* _Exercise prompt_
The answer must give back every line of the data exactly, with no pictures.

* _Data_
%%

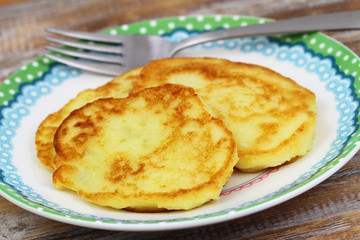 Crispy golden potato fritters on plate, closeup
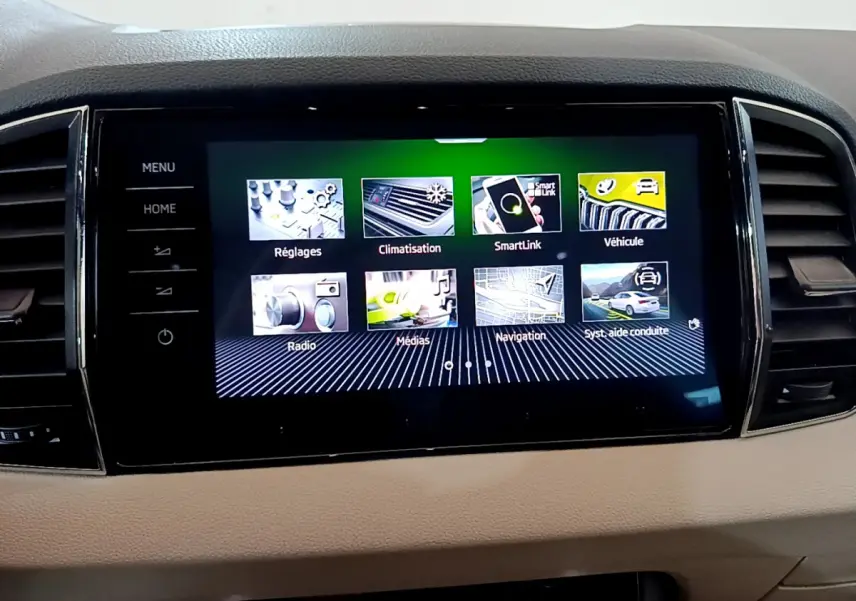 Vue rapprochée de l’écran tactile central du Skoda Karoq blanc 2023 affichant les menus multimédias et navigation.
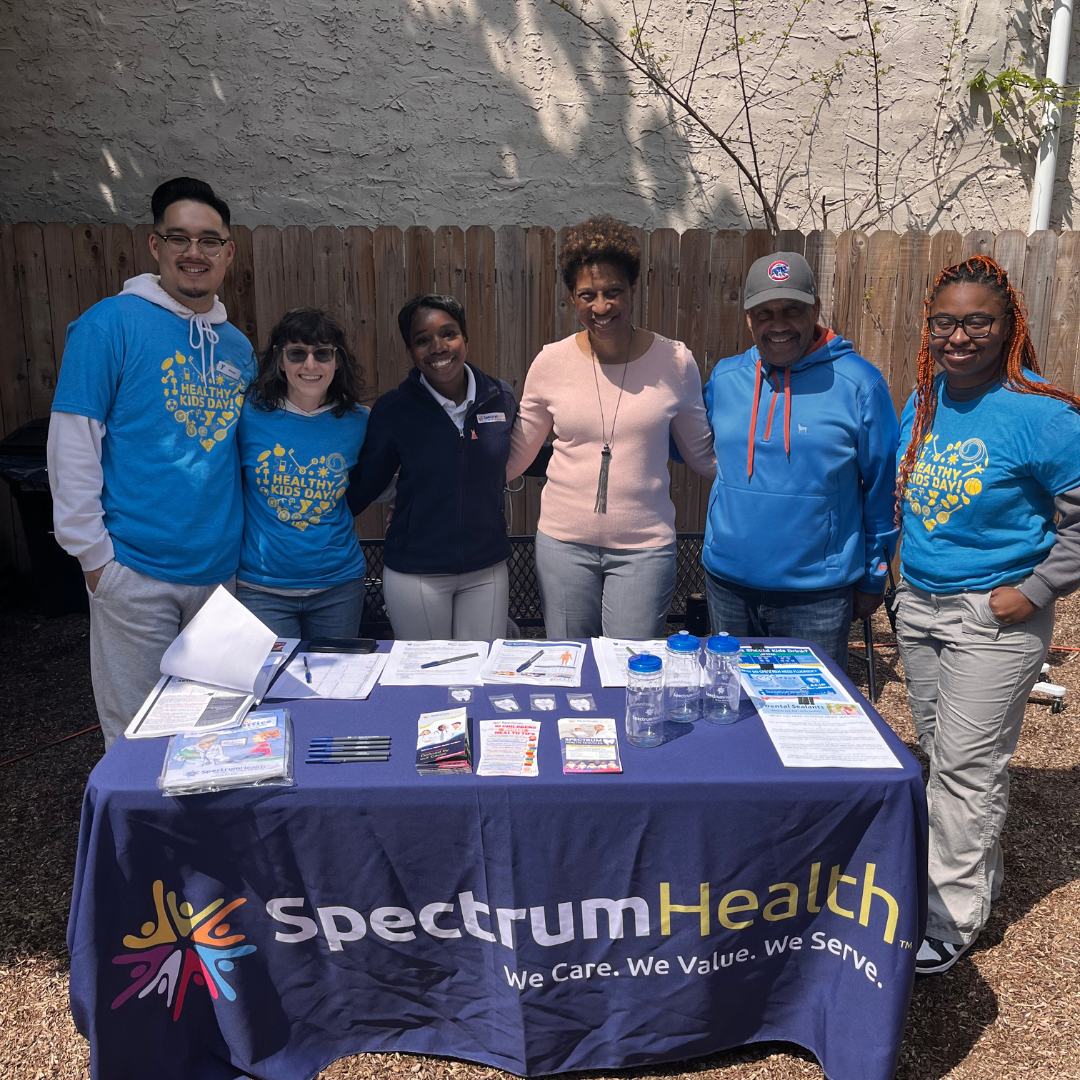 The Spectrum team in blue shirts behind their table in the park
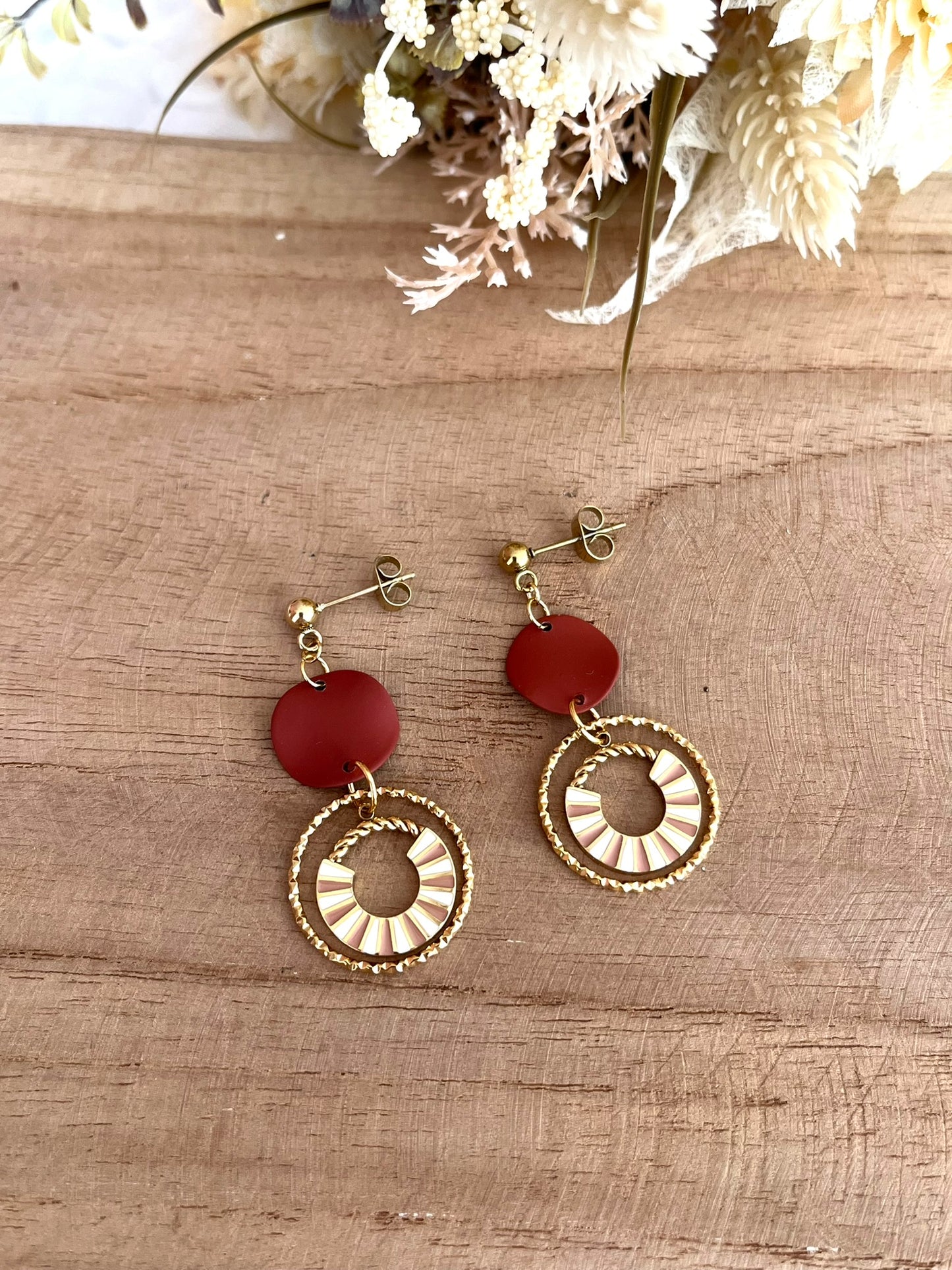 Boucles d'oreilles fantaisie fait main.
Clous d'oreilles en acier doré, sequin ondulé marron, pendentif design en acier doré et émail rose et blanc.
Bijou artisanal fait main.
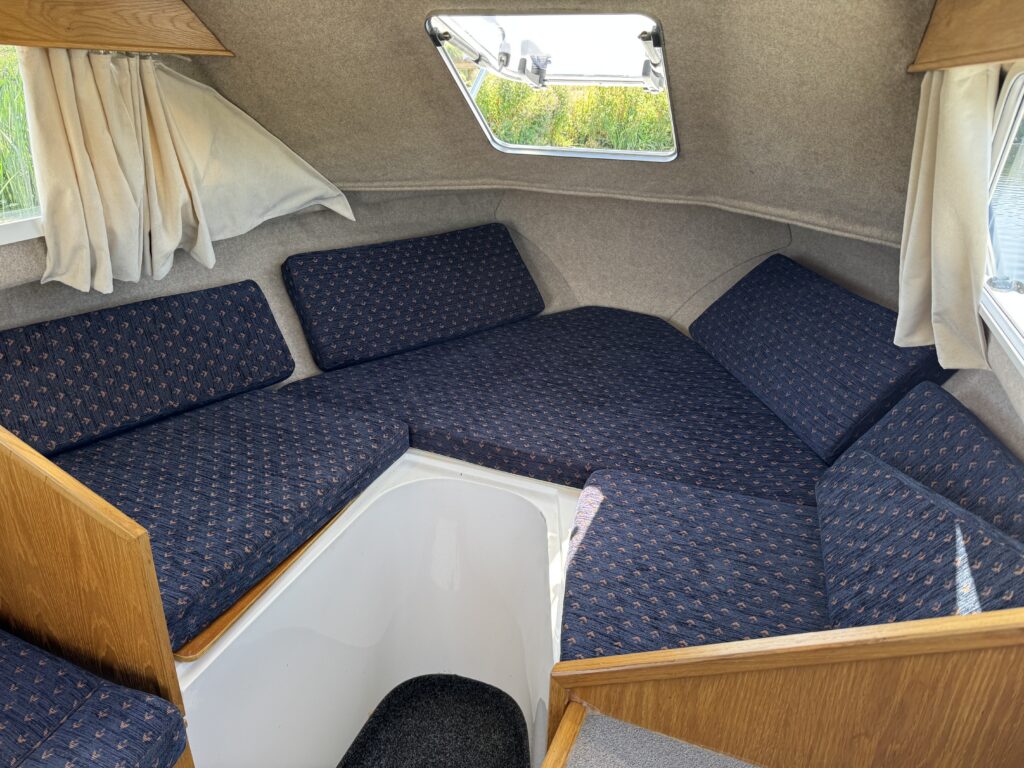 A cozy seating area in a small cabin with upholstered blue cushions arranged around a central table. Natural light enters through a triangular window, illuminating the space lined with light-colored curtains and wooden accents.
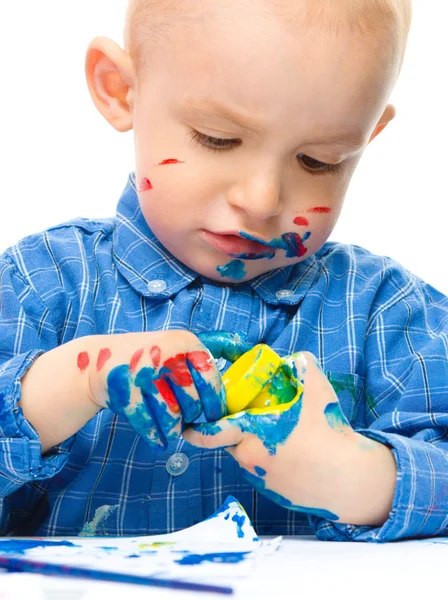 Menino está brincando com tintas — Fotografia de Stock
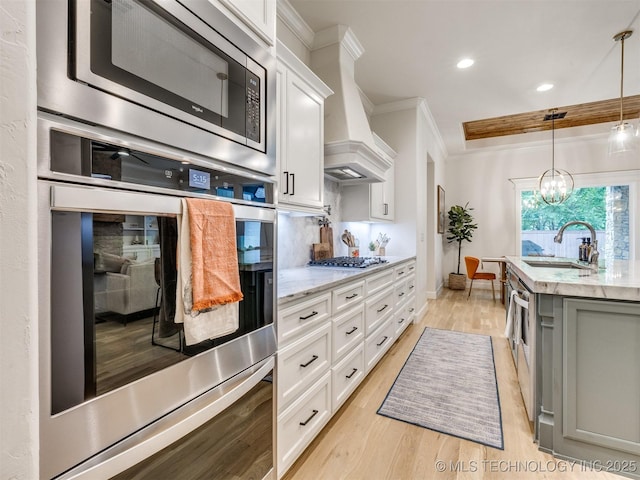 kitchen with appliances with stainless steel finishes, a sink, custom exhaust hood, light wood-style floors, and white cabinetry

%%

* _Your response_
 Crispy golden potato fritters on plate, closeup
 Vue rapprochée de l’écran tactile central du Skoda Karoq blanc 2023 affichant les menus multimédias et navigation.
 The Spectrum team in blue shirts behind their table in the park
 Boucles d'oreilles fantaisie fait main.
Clous d'oreilles en acier doré, sequin ondulé marron, pendentif design en acier doré et émail rose et blanc.
Bijou artisanal fait main.
 A cozy seating area in a small cabin with upholstered blue cushions arranged around a central table. Natural light enters through a triangular window, illuminating the space lined with light-colored curtains and wooden accents.
 Menino está brincando com tintas — Fotografia de Stock
 kitchen with appliances with stainless steel finishes, a sink, custom exhaust hood, light wood-style floors, and white cabinetry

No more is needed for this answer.